Der Separatist Turull hatte sich am Donnerstagabend im Parlament in Barcelona der Wahl zum Regionalpräsidenten gestellt, war aber im ersten Durchgang an der erforderlichen absoluten Mehrheit gescheitert. Die Wahl war kurzfristig anberaumt worden, nachdem bekannt geworden war, dass der Politiker am Freitag erneut vor Gericht erscheinen musste. Am Samstag sollte der zweite Durchgang stattfinden, bei dem eine einfache Mehrheit genügt hätte. Doch da Turull nun nicht im Parlament anwesend sein kann - das ist seit dem Katalonien-Konflikt laut Verfassungsgericht Pflicht, um gewählt werden zu können - müssen die katalanischen Bürger weiter auf eine neue Regionalregierung warten.

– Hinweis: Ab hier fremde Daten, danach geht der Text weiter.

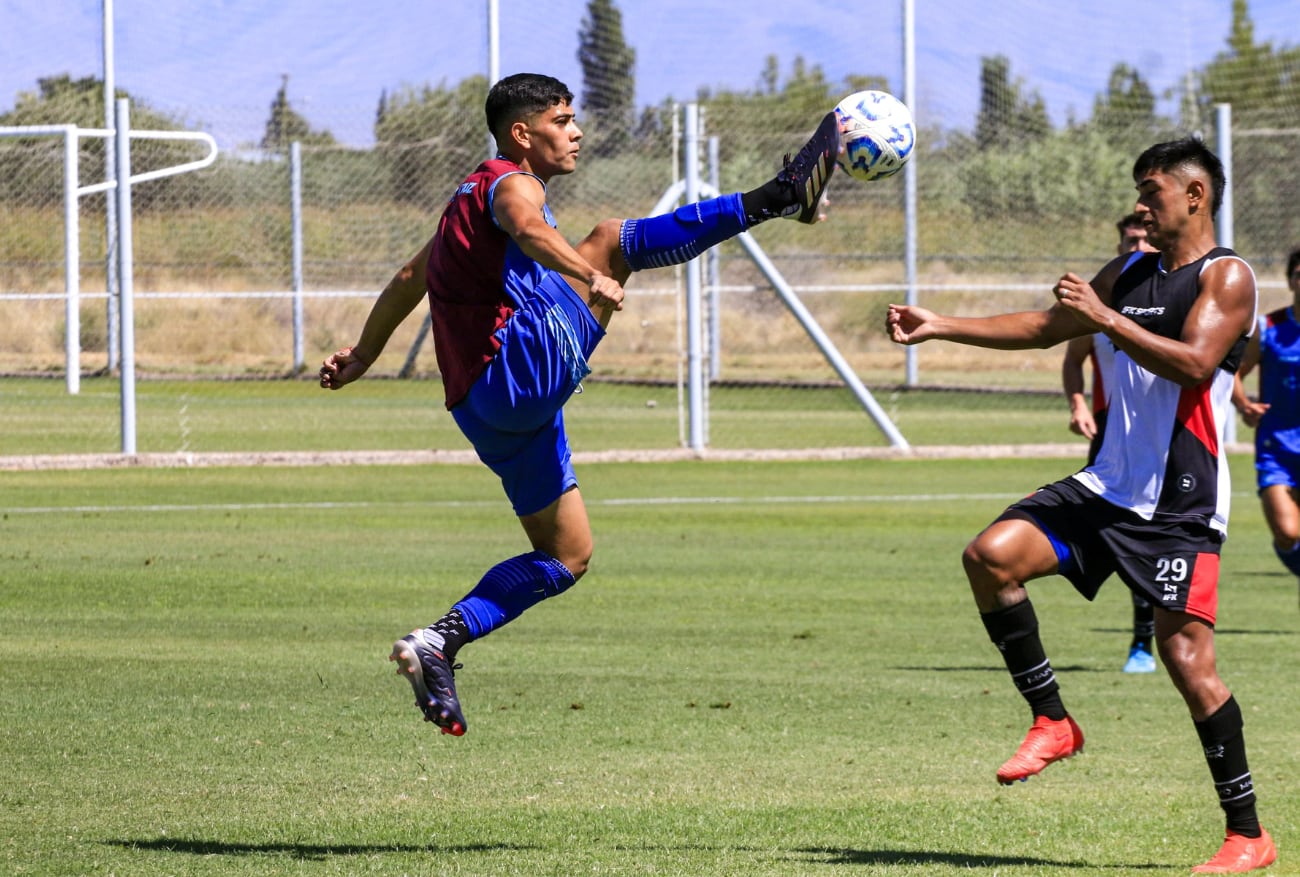 El único gol de la mañana lo convirtió Abrego de tiro libre/Foto: Godoy Cruz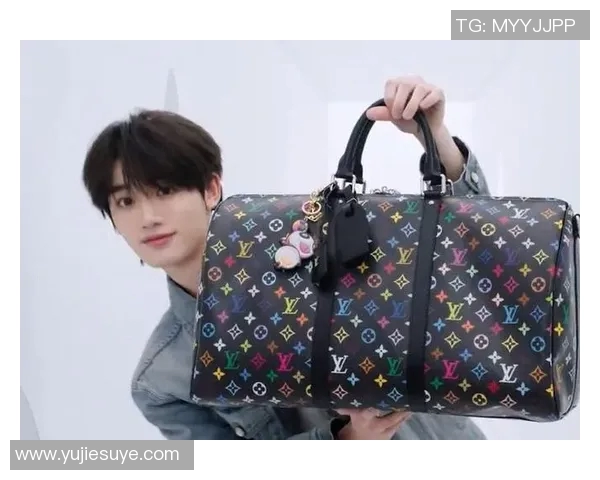 LV品牌新宠男足球明星代言引领时尚潮流新风尚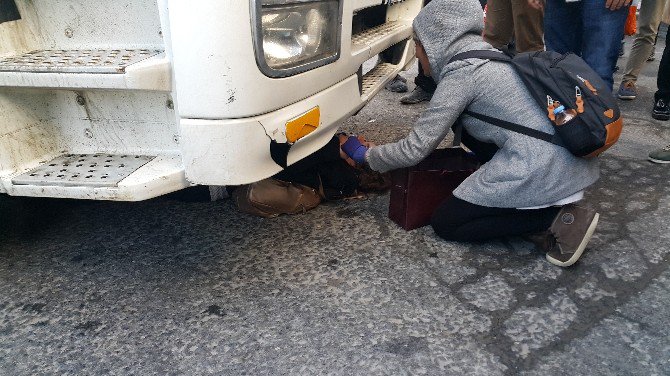 Genç Kadın, Hafriyat Kamyonunun Altında Kaldı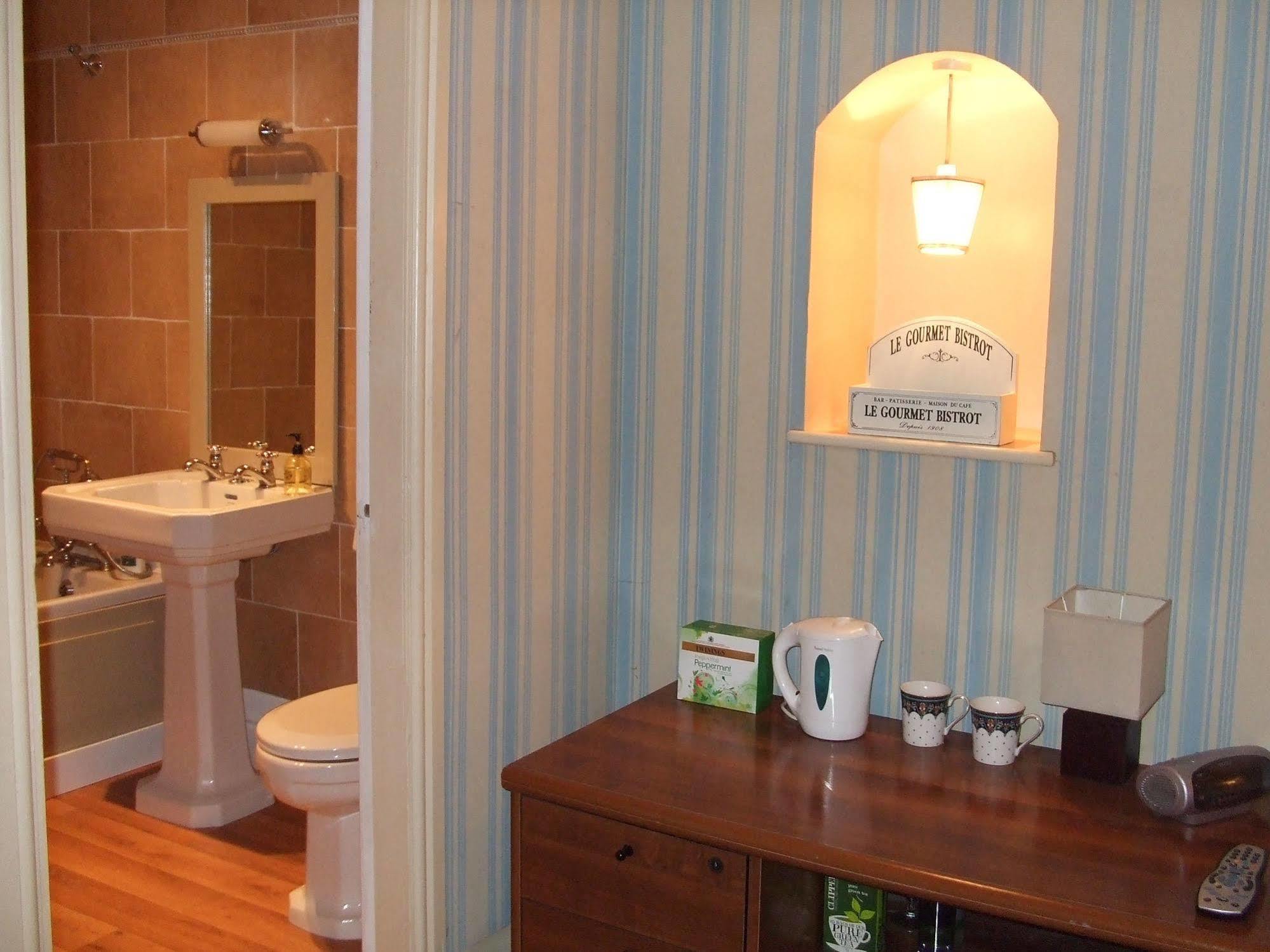 Roseview B&B Rhyl Eksteriør billede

Bei den anderen Festgenommenen handelt es sich um die ehemalige Parlamentspräsidentin Carme Forcadell und drei frühere Regionalminister. Darüberhinaus reaktivierte Richter Llarena seit Anfang Dezember ausgesetzte europäische Haftbefehle gegen den früheren Regionalpräsidenten Carles Puigdemont und vier seiner ebenfalls nach Belgien ins Exil gegangenen Ex-Minister.

Insgesamt soll 25 Verdächtigen der Prozess gemacht werden. Neben den 13 wegen Rebellion Angeklagten, denen teilweise zusätzlich Veruntreuung öffentlicher Mittel vorgeworfen wird, müssen sich andere wegen des weniger schwerwiegenden Delikts des Ungehorsams verantworten. Katalonien hatte am 1. Oktober ein illegales Referendum über die Abspaltung der Region von Spanien durchgeführt. Nach einem Unabhängigkeitsbeschluss hatte die Zentralregierung in Madrid die katalanische Regierung abgesetzt und die Region unter Zwangsverwaltung gestellt.